A friend called me last Thursday. The S&P had just closed at `7,022.95` — its first time ever above `7,000`. He told me he was going to wait for a pullback before putting his `$40,000` rollover to work. “I’m not buying at the top,” he said. I asked him what he’d said the last three times I talked to him. He got quiet.
He said it in November 2024, when the S&P first crossed `6,000`. He said it in February 2024, at `5,000`. He said it in April 2021, at `4,000`. Every one of those “tops” is now a floor. His `$40,000` has been waiting for four and a half years. The market is up more than `70%` since.
In One Sip
The S&P 500 closed at a record `7,137.90` on April 22 — its `8th` all-time high of 2026, per CNBC.
J.P. Morgan studied every S&P record high since 1970. Forward `12`-month returns after a record: `9.6%`. Forward `12`-month returns on a regular day: `9.4%`. Virtually identical.
Over `24` months, buying at a record actually beat buying on an average day: `20.2%` vs `18.9%`.
The buried lead: since 1950, the S&P has hit an all-time high on roughly `7%` of trading days — and nearly a third of those highs became permanent floors the market never revisited.
Why It Matters for Your Money
Say you have `$50,000` sitting in cash, waiting for the “right moment.” At `4.3%` in a high-yield savings account, you earn about `$2,150` a year. The S&P averages closer to `10%` long-term with dividends reinvested. That’s `$5,000` a year in expected return — a gap of roughly `$2,850` for every year you wait.
Compound that out. `$50,000` parked in cash for `10` years grows to about `$76,000`. The same `$50,000` earning the long-term market average grows to roughly `$129,000`. That’s a `$53,000` difference — bigger than most people’s annual salary — and it’s the cost of being “careful.”
Sitting out doesn’t feel like a decision. But it is. It’s the most expensive decision most people near retirement make, and they make it every day without noticing.
The Wealth Angle
Here’s the part nobody explains. A new all-time high isn’t a ceiling. It’s the market telling you it has repriced higher and the old level is gone. Think about it: every single record high in history was followed, eventually, by a higher one. Every one. The `7,000` that terrifies my friend today will look quaint in `10` years, the same way `4,000` looks quaint now.

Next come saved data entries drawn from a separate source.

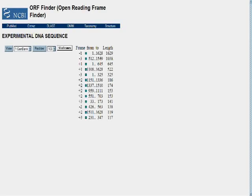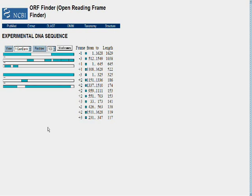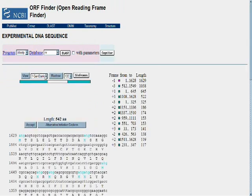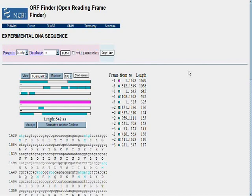That will start the algorithm along its way, looking for the longest open reading frame among the six potential open reading frames one would expect. As we can see from our first result, we do in fact have one out of the six reading frames that contains a very long stretch of coding, and we can select that particular stretch by moving our cursor over it and then clicking.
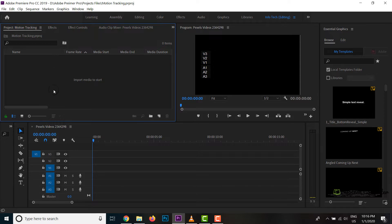The motion tracking of Premiere Pro is a manual process. After that, the motion tracking is very different. The manual is different.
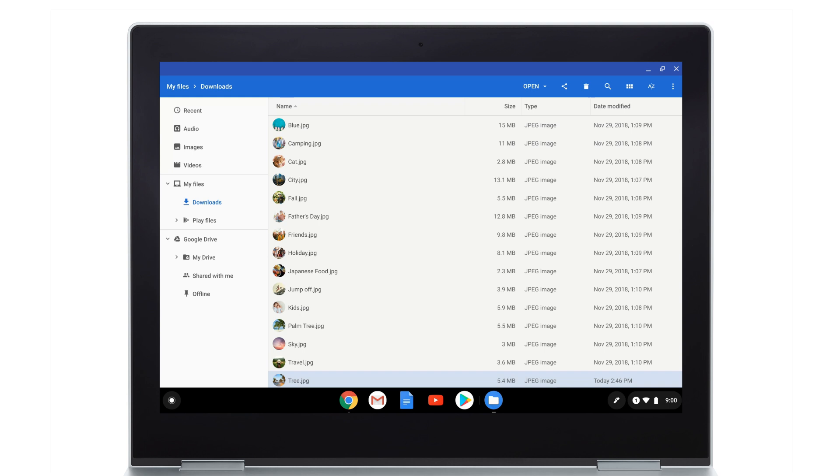You can also quickly rename a file by right-clicking on the file and selecting Rename.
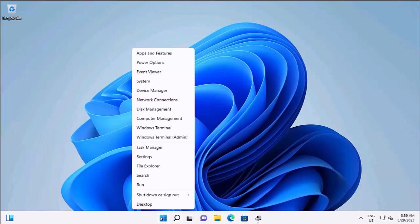Right-click on Start, scroll up, and there's Device Manager. You can also see some other consoles we'll cover, like Disk Management. You can also find Device Manager by typing it into search, looking under Administrative Tools, or going to Microsoft Management Console and adding it as a snap-in. There are a million and one ways to access it.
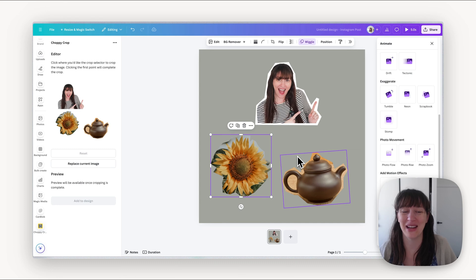So have some fun with that and make some scrappy cutouts. Have some fun creating your cutouts, and if you'd like to see more Canva tutorials make sure you subscribe and I'll see you next time.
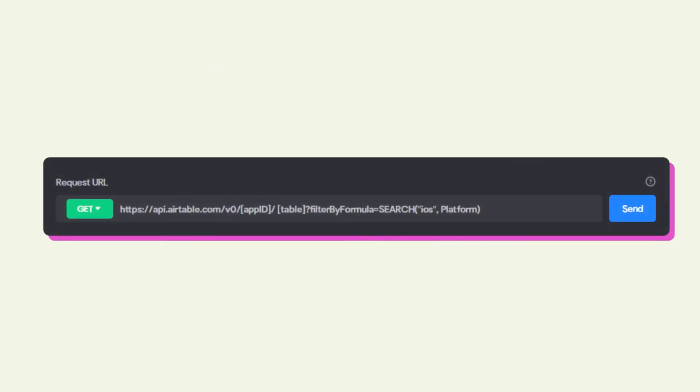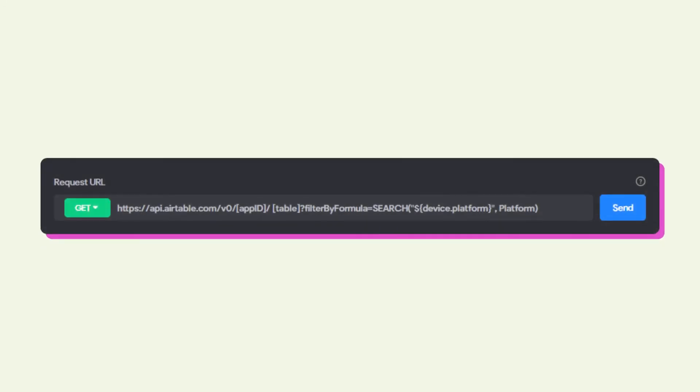If you wanted to filter a table in Airtable for a keyword, you would use a formula with the search function. It searches the specific table — in our case it's called platform — for the keyword, in our case iOS. If we wanted to make it dynamic and also include Android as an option, we'd replace the keyword with the device.platform variable.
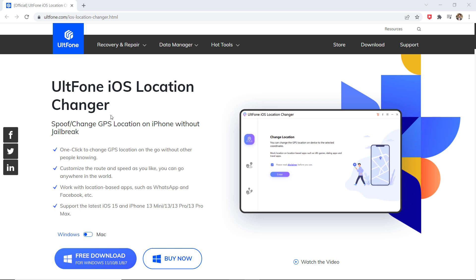Download ULT Phone iOS Location Changer. With this, you can easily mock your location anywhere in the world. It can let you unlock several location-based features of gaming, dating, and several other apps.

What actually hurts retirement portfolios isn’t buying at a peak. It’s missing the best `10` days over a `20`-year stretch. Per J.P. Morgan’s analysis, miss those `10` days and your annualized return gets cut roughly in half. And those best days almost always cluster right next to the worst days — meaning the people who flinch and sell are the exact ones who miss the recovery.

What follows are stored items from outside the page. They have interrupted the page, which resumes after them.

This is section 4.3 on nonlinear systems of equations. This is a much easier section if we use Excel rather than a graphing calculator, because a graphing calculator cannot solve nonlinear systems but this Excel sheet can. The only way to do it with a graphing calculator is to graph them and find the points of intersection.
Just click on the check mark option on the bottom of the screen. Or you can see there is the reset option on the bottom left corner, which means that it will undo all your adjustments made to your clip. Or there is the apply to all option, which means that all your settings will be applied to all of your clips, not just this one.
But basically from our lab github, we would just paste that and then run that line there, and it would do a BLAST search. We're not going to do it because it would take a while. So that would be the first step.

The real risk isn’t the market being high. The real risk is sitting in cash long enough that inflation — not the market — quietly relieves you of your purchasing power.
☕ Key Insight
Record highs don’t punish investors. Waiting for the “right moment” does. The people who build wealth aren’t the ones who time the top — they’re the ones who were already in.
Coffee Break Move
If you’re sitting on cash you’ve been meaning to invest, don’t try to outsmart the timing question. Split the decision. Put a third in this week, a third in `30` days, a third in `60` days. Dollar-cost averaging isn’t clever — it’s just the move that lets you sleep whether the market dips tomorrow or keeps climbing. Either outcome, you bought some.
The people who built real money in every generation before ours didn’t catch bottoms. They just refused to stand on the platform watching the train leave.